Short web captions
┌────────

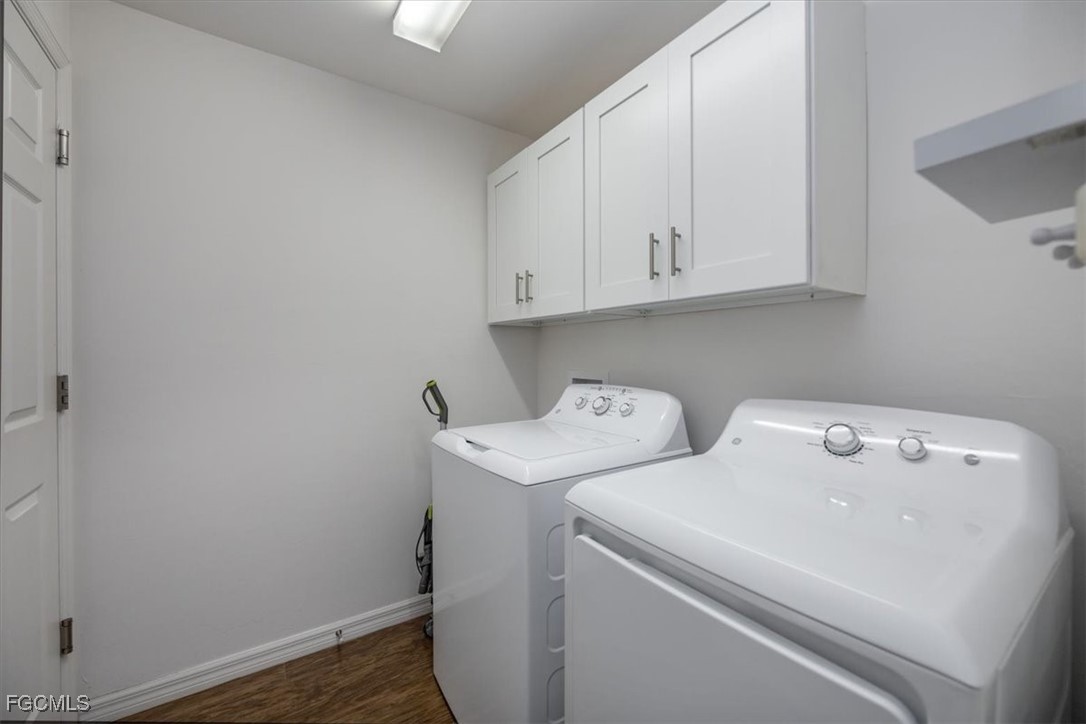 3 Bed SingleFamilyResidence for Sale in Cape Coral, photo 17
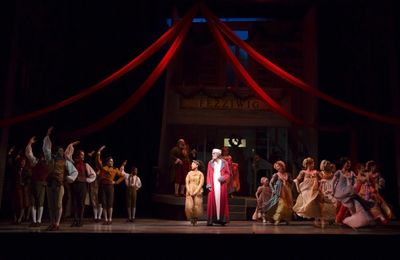 Graeme Malcolm & Cast Photo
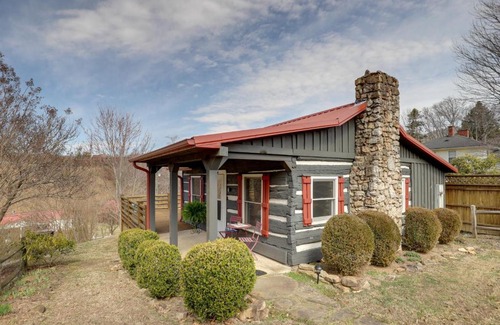 Hot Springs Apartment | Scenic Hot Springs Retreat Near Appalachian Trail!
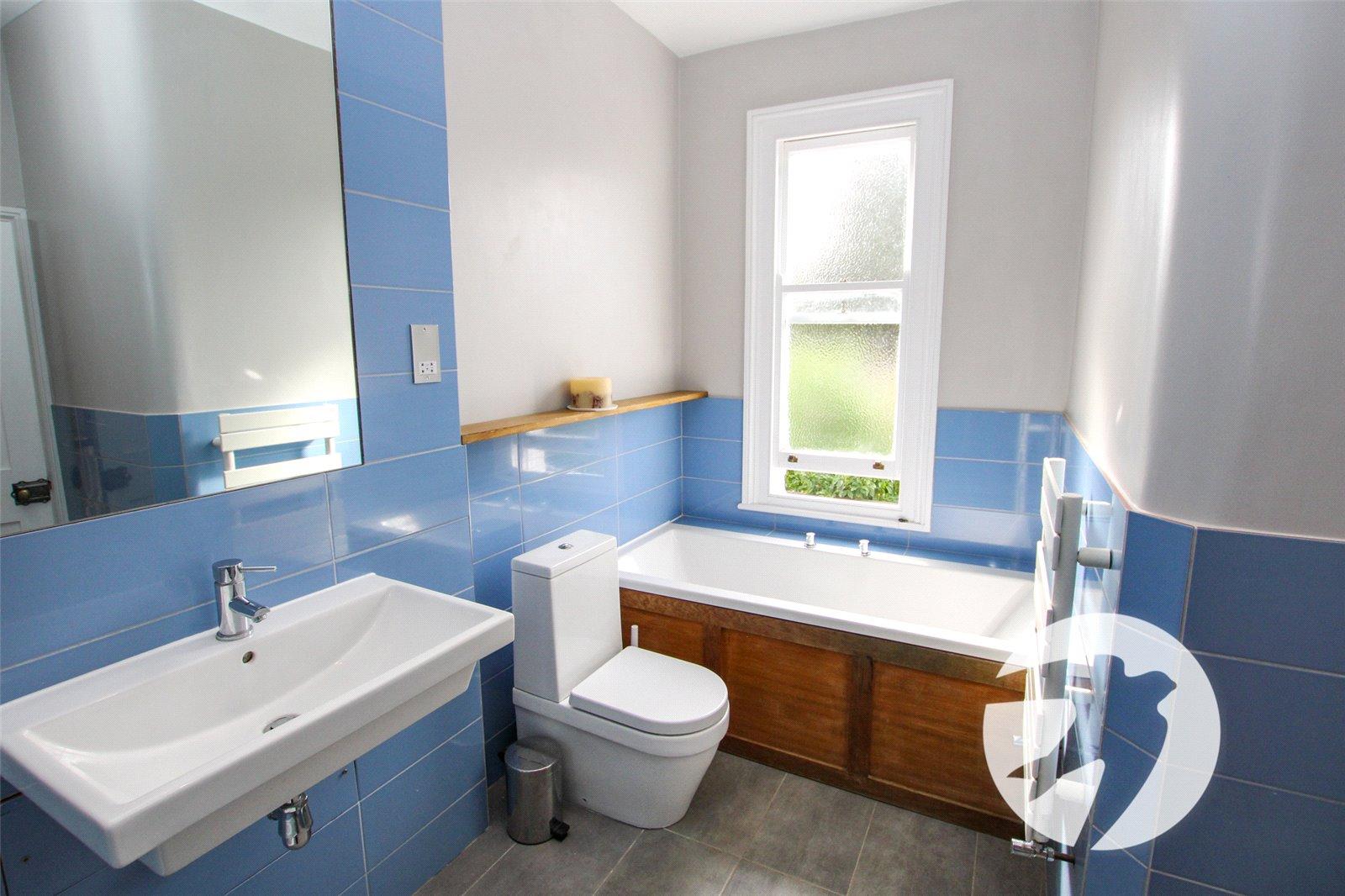 3 bedroom house for sale in London | Robinson Jackson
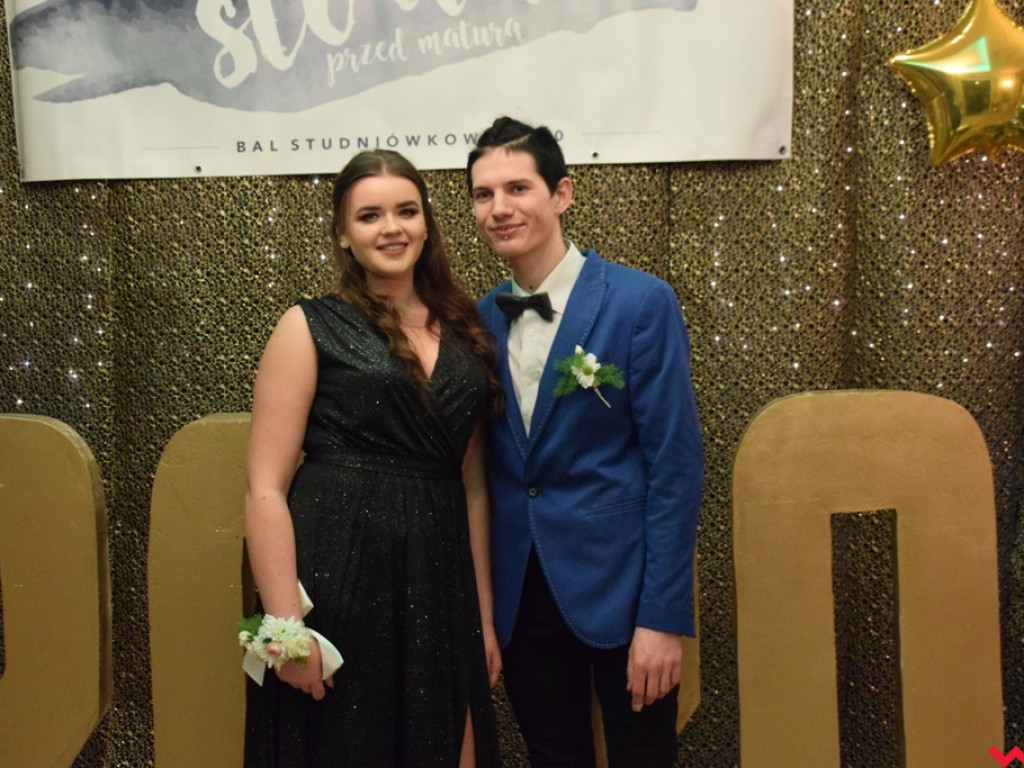 Polonez „Sienkiewicza”. Licealiści sto dni przed maturą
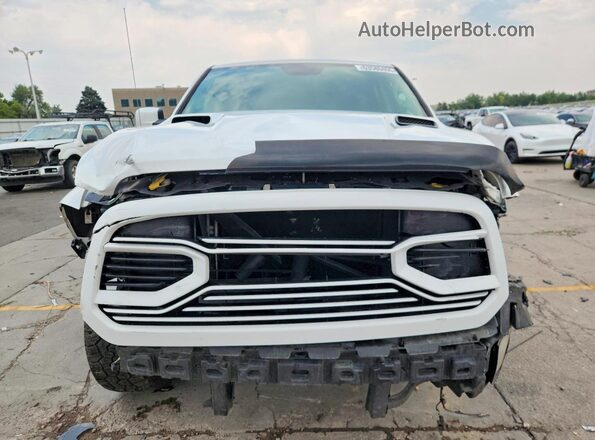 1C6RR7MT6JS256697 2018 RAM 1500 White Front view
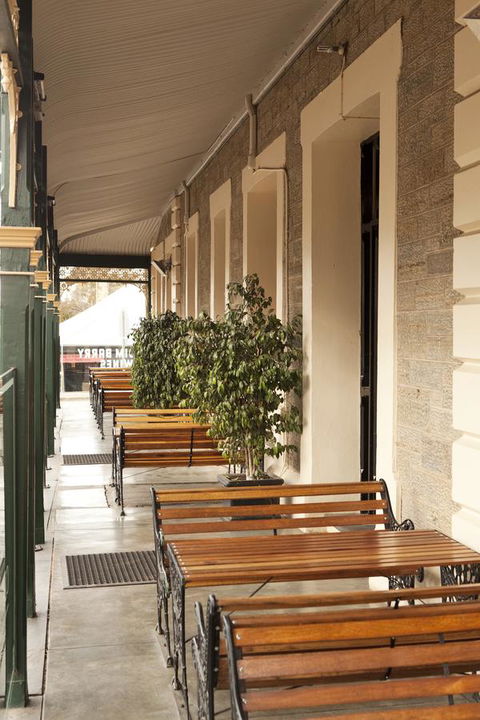 The Rising Sun Hotel - Nelsons Bay Accommodation 1
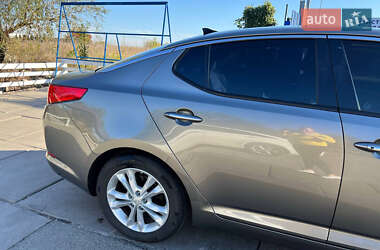 Седан Kia Optima 2012 в 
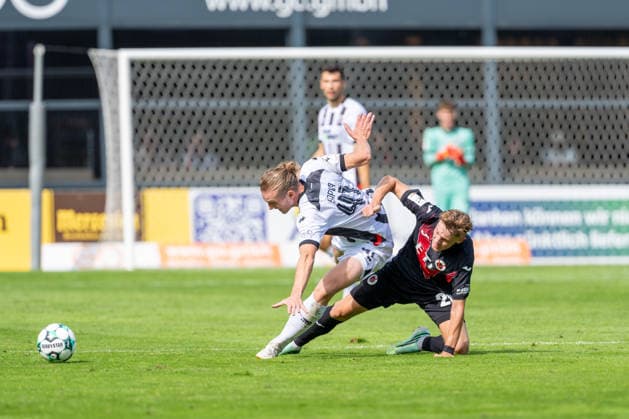 Vinko Sapina (FC Ingolstadt 04), 41, is fouled by Niklas Swider (Viktoria Köln), 20. FC Viktoria Köln vs. FC Ingolstadt 04, soccer, 3. Liga, Matchday 7, 2026–27 season, September 19, 2026, DFL regulations prohibit any use of photographs as image sequences and or quasi-video. FC Viktoria Köln vs. FC Ingolstadt 04, soccer, 3. Liga, Matchday 7, 2026–27 season, September 19, 2026, Cologne Copyright: xEibner-Pressefoto LukasxBaldygax EP_LBA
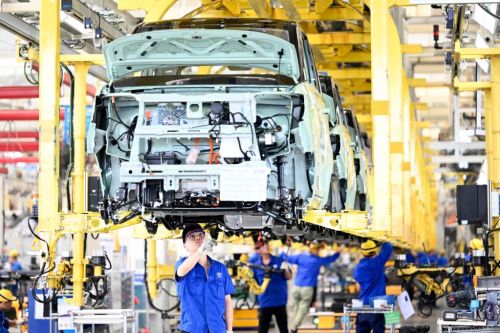 在广西柳州一家汽车企业，工人在新能源汽车生产线上忙碌。新华社发（黎寒池 摄）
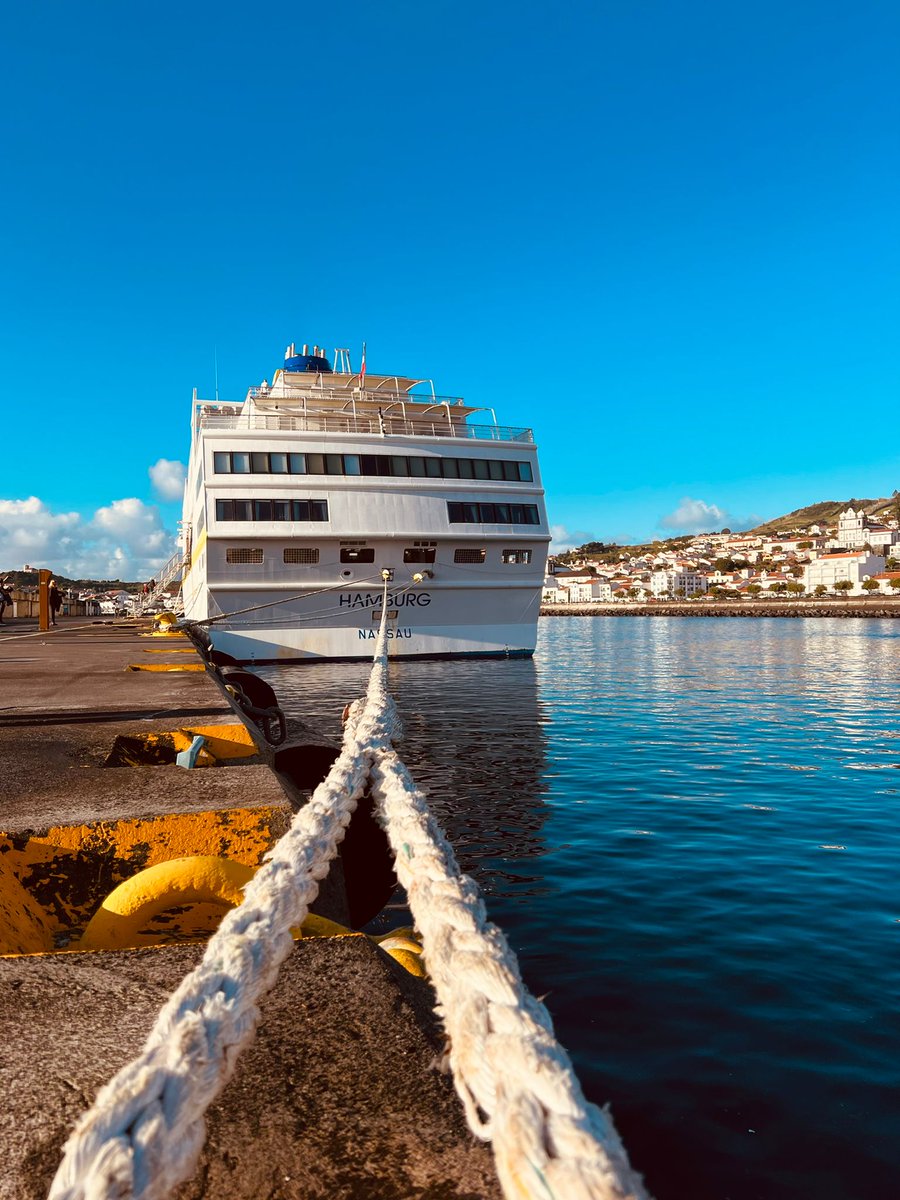 Horta, Azoren 😍Impressionen mit MS HAMBURG aus der Kreuzfahrt 'Ein Hoch auf die Azoren und die Inseln des Ewigen Frühlings' 
Reiseinfos👉 plantours-partner.de/azoren-und-ins…
📷Alex Cortese
#horta #azoren #portugal #pico #mshamburg #kreuzfahrt #plantourskreuzfahrten #ligabue
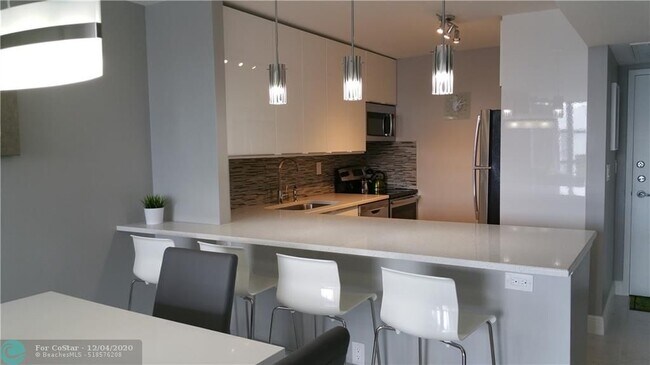 Foto del edificio - 1000 Parkview Dr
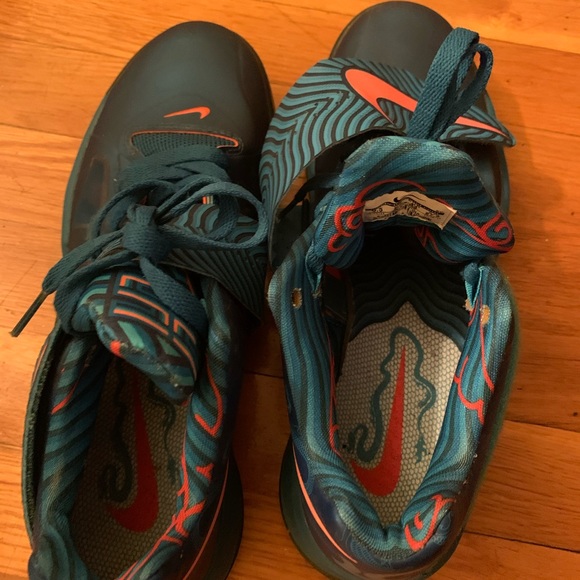 Nike KD 4 Year of the Dragon - Picture 6 of 8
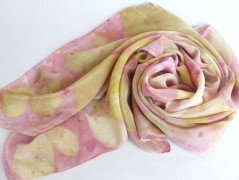 Hedvábný šátek Violet.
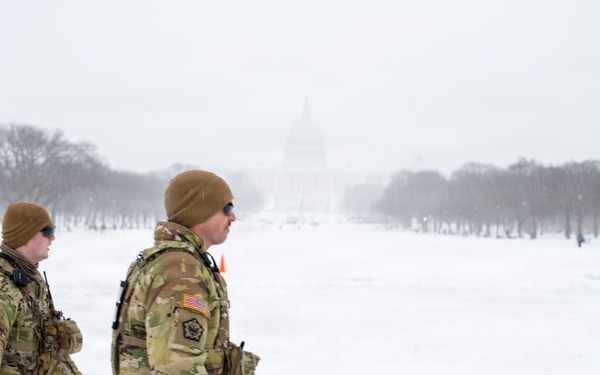 National Guard supports D.C. Safe and Beautiful mission during winter storm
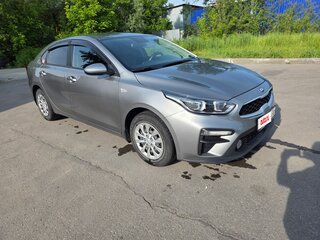 2019 Kia Cerato IV, серый, 2000000 рублей, вид 2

└────────

Quote all the lines above exactly as given. Do not include the pictures.

» **Expected answer**:
 3 Bed SingleFamilyResidence for Sale in Cape Coral, photo 17
 Graeme Malcolm & Cast Photo
 Hot Springs Apartment | Scenic Hot Springs Retreat Near Appalachian Trail!
 3 bedroom house for sale in London | Robinson Jackson
 Polonez „Sienkiewicza”. Licealiści sto dni przed maturą
 1C6RR7MT6JS256697 2018 RAM 1500 White Front view
 The Rising Sun Hotel - Nelsons Bay Accommodation 1
 Седан Kia Optima 2012 в 
 Vinko Sapina (FC Ingolstadt 04), 41, is fouled by Niklas Swider (Viktoria Köln), 20. FC Viktoria Köln vs. FC Ingolstadt 04, soccer, 3. Liga, Matchday 7, 2026–27 season, September 19, 2026, DFL regulations prohibit any use of photographs as image sequences and or quasi-video. FC Viktoria Köln vs. FC Ingolstadt 04, soccer, 3. Liga, Matchday 7, 2026–27 season, September 19, 2026, Cologne Copyright: xEibner-Pressefoto LukasxBaldygax EP_LBA
 在广西柳州一家汽车企业，工人在新能源汽车生产线上忙碌。新华社发（黎寒池 摄）
 Horta, Azoren 😍Impressionen mit MS HAMBURG aus der Kreuzfahrt 'Ein Hoch auf die Azoren und die Inseln des Ewigen Frühlings' 
Reiseinfos👉 plantours-partner.de/azoren-und-ins…
📷Alex Cortese
#horta #azoren #portugal #pico #mshamburg #kreuzfahrt #plantourskreuzfahrten #ligabue
 Foto del edificio - 1000 Parkview Dr
 Nike KD 4 Year of the Dragon - Picture 6 of 8
 Hedvábný šátek Violet.
 National Guard supports D.C. Safe and Beautiful mission during winter storm
 2019 Kia Cerato IV, серый, 2000000 рублей, вид 2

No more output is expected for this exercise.